## Records from a dataset:
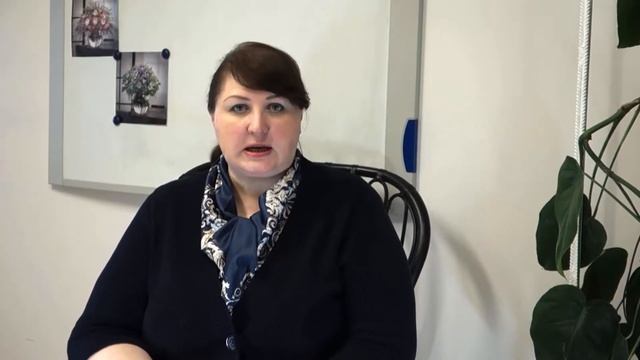 Как настроить ребенка на учебу. Школа, условия учебы смотреть онлайн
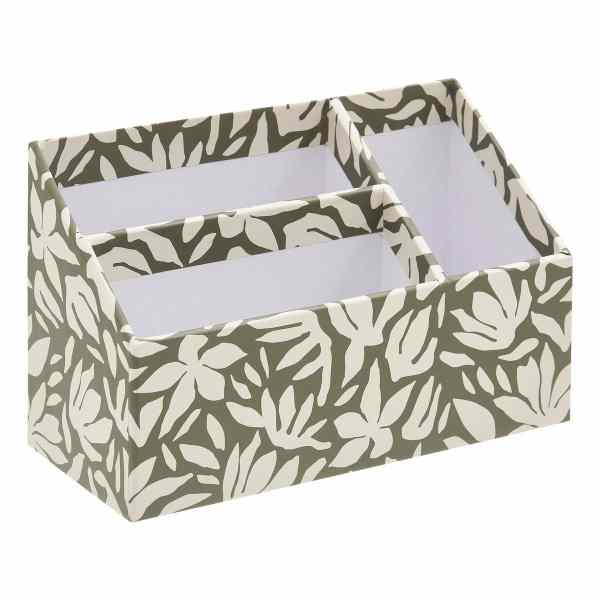 FLOREA LA REDOUTE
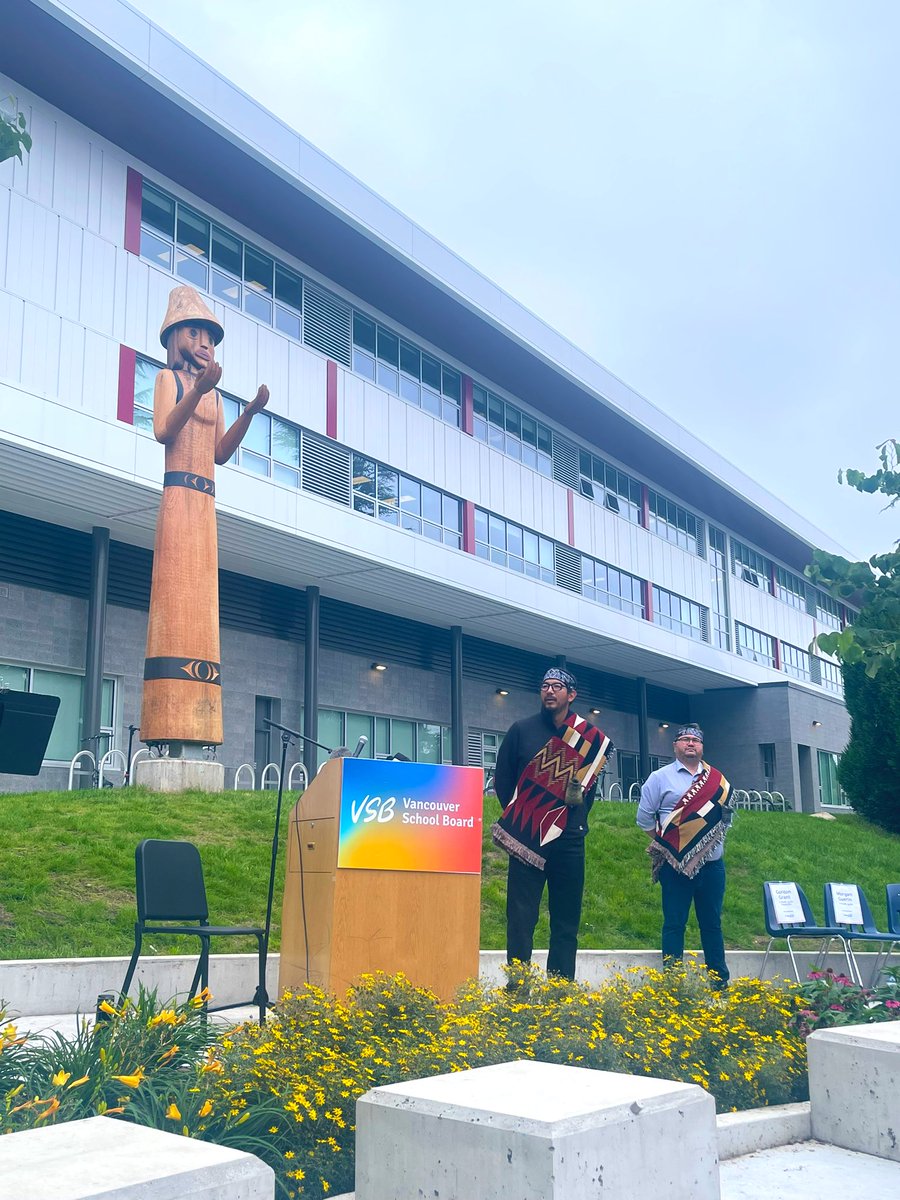 Dr. Chas Desjarlais tweet media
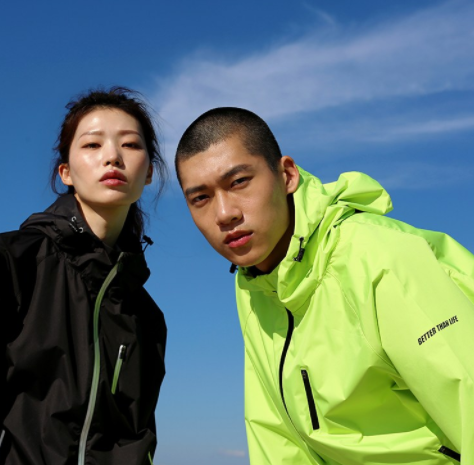  오늘의 추천상품 베러댄라이프 가성비 정말 좋아요 강추합니다! 잘팔리고 인기있는  best 20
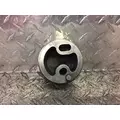 DETROIT DIESEL DD13 Timing Gears thumbnail 2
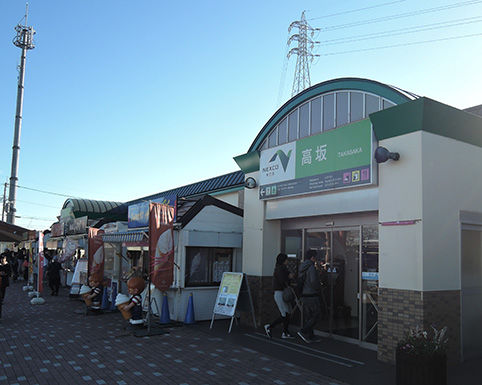 12008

## TASK STATEMENT:
What are the lines from the one containing "FLOREA LA REDOUTE" through the end of the records? Write them out exactly, leaving out the pictures.

## TASK SOLUTION:
 FLOREA LA REDOUTE
 Dr. Chas Desjarlais tweet media
  오늘의 추천상품 베러댄라이프 가성비 정말 좋아요 강추합니다! 잘팔리고 인기있는  best 20
 DETROIT DIESEL DD13 Timing Gears thumbnail 2
 12008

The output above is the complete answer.